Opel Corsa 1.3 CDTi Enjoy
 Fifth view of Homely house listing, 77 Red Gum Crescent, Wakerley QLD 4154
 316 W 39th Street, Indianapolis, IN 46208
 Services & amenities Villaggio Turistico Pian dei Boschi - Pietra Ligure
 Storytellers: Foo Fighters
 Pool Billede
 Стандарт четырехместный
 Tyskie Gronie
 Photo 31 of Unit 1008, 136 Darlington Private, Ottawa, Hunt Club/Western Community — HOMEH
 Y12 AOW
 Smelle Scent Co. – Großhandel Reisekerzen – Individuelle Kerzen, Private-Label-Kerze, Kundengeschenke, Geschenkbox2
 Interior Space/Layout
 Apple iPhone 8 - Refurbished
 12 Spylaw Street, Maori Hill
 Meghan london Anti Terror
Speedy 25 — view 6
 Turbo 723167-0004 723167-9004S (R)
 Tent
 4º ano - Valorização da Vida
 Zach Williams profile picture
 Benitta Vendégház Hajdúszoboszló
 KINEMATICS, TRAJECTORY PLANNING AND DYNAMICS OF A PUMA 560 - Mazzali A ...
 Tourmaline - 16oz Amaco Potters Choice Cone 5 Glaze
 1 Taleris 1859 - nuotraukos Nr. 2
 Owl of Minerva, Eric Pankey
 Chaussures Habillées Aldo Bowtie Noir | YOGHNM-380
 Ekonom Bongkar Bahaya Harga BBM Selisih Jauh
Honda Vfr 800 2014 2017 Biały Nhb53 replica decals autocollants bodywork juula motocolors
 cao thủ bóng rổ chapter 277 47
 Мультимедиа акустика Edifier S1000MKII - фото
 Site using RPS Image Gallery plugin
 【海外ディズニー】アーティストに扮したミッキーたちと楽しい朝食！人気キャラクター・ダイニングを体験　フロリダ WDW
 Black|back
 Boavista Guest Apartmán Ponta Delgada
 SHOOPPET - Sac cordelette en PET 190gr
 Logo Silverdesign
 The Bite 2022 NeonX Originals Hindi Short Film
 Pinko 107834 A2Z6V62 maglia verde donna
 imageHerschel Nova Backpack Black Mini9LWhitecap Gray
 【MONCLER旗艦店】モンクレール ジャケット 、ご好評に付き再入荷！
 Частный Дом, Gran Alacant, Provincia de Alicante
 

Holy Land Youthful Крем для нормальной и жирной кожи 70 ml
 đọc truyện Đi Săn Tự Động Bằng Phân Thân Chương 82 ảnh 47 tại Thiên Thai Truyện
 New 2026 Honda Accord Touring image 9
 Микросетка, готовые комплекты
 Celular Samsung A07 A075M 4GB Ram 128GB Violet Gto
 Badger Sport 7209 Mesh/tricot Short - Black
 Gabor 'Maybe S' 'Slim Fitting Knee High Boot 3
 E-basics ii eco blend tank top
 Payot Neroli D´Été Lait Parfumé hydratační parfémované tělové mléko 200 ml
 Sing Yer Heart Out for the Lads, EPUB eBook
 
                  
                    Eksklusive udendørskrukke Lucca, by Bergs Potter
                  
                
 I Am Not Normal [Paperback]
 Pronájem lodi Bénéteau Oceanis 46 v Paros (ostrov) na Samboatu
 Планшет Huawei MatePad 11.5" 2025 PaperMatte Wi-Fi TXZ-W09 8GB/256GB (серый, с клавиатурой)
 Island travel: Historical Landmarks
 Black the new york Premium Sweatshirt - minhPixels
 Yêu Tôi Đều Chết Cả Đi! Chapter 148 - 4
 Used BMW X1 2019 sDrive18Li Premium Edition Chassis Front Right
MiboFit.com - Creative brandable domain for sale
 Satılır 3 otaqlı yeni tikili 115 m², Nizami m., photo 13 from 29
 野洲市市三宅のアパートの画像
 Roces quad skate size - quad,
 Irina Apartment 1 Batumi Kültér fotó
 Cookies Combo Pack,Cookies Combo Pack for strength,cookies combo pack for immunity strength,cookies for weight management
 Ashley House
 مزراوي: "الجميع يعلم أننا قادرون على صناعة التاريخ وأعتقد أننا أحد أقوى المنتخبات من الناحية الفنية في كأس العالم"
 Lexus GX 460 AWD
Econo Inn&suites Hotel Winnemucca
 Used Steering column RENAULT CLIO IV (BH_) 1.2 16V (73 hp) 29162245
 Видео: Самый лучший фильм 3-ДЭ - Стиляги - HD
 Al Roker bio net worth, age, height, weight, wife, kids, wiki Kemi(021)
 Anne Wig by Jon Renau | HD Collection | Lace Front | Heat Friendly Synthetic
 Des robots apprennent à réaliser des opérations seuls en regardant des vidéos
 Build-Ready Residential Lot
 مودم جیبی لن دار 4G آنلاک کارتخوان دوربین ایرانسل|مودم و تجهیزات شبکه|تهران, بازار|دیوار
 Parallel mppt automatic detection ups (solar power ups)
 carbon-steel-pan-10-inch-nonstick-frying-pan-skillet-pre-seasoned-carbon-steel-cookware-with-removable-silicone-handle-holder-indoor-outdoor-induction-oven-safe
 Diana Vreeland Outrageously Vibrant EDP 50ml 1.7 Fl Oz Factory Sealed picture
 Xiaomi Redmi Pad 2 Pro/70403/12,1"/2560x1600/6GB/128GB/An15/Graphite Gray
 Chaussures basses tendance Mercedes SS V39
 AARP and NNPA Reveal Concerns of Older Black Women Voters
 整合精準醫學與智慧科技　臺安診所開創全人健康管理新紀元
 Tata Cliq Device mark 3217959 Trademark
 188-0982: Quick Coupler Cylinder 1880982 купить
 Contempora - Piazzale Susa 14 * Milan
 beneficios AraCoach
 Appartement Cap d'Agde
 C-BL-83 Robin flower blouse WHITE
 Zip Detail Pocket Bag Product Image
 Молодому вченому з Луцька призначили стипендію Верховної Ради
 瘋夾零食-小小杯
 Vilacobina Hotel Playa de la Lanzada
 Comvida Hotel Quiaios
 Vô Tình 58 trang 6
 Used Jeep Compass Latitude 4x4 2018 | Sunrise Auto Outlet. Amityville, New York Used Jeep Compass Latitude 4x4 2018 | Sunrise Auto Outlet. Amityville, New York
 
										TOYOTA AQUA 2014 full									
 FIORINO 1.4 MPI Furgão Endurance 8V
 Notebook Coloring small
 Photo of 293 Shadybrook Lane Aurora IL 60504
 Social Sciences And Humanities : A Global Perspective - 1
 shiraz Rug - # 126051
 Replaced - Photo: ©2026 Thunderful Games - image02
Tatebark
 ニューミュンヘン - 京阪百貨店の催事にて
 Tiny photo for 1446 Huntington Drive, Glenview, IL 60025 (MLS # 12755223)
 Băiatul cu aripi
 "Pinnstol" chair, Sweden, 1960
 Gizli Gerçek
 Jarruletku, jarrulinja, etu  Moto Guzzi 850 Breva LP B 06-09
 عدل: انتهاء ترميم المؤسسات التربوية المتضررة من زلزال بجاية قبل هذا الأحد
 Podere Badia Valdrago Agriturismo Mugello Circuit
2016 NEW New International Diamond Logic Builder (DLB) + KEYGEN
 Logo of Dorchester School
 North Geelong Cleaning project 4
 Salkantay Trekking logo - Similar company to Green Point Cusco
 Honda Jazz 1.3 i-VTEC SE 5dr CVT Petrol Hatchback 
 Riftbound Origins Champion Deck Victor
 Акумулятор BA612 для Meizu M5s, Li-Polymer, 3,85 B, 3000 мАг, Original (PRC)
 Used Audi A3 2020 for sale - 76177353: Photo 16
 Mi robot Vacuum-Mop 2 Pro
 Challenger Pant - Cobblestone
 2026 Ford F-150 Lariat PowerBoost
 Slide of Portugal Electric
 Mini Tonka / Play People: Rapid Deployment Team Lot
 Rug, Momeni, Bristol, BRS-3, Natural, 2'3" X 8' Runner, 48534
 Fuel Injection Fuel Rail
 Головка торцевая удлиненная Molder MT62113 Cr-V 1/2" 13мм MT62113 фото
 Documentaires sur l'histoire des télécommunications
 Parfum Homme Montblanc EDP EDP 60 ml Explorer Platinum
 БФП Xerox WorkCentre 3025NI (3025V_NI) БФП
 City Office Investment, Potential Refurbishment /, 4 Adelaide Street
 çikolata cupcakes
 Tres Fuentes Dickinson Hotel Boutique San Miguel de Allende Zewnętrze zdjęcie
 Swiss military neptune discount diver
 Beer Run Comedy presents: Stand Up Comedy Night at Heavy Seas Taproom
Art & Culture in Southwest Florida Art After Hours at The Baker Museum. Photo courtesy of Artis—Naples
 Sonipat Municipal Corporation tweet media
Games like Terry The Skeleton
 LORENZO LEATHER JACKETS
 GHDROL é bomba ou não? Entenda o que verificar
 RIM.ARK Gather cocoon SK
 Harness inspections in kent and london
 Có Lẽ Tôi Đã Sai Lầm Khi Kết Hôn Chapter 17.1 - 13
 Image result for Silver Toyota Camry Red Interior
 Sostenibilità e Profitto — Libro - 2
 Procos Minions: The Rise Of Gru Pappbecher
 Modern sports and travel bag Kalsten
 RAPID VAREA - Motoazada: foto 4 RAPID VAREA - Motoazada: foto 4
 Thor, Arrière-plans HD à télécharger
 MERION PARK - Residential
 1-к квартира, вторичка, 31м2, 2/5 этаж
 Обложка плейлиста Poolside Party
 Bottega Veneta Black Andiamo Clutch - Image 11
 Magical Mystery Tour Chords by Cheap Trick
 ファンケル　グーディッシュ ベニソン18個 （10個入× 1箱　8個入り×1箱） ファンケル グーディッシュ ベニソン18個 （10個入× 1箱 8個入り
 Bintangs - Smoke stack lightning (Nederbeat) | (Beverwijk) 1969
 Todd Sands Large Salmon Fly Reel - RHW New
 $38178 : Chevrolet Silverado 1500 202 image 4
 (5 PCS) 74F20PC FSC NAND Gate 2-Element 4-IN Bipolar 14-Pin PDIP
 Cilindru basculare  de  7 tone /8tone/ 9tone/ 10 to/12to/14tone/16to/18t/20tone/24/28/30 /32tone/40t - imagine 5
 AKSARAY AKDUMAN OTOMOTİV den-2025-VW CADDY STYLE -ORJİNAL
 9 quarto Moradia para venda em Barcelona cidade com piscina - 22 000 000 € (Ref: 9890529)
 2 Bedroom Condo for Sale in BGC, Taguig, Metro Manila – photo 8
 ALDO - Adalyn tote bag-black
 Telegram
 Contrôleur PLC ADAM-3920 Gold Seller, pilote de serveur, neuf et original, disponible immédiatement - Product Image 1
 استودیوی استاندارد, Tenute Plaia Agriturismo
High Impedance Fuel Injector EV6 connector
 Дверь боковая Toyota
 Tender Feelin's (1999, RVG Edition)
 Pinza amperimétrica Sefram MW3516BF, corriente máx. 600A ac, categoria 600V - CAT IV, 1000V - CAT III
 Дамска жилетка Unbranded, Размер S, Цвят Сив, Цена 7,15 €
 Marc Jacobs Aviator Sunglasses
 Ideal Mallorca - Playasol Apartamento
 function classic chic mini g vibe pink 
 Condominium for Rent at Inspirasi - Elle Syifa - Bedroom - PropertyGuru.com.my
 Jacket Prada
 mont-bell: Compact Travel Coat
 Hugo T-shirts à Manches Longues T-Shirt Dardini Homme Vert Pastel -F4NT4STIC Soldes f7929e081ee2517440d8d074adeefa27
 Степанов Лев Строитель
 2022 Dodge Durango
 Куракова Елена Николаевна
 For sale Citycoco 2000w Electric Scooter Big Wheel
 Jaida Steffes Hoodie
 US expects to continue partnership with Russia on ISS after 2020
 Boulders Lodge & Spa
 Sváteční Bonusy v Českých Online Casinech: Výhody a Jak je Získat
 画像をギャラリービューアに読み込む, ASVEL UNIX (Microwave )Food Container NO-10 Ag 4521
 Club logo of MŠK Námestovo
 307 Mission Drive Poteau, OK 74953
__________
What is expected: Return every line of the records in which the word "Electric" is found.

Response below:
 Slide of Portugal Electric
 For sale Citycoco 2000w Electric Scooter Big Wheel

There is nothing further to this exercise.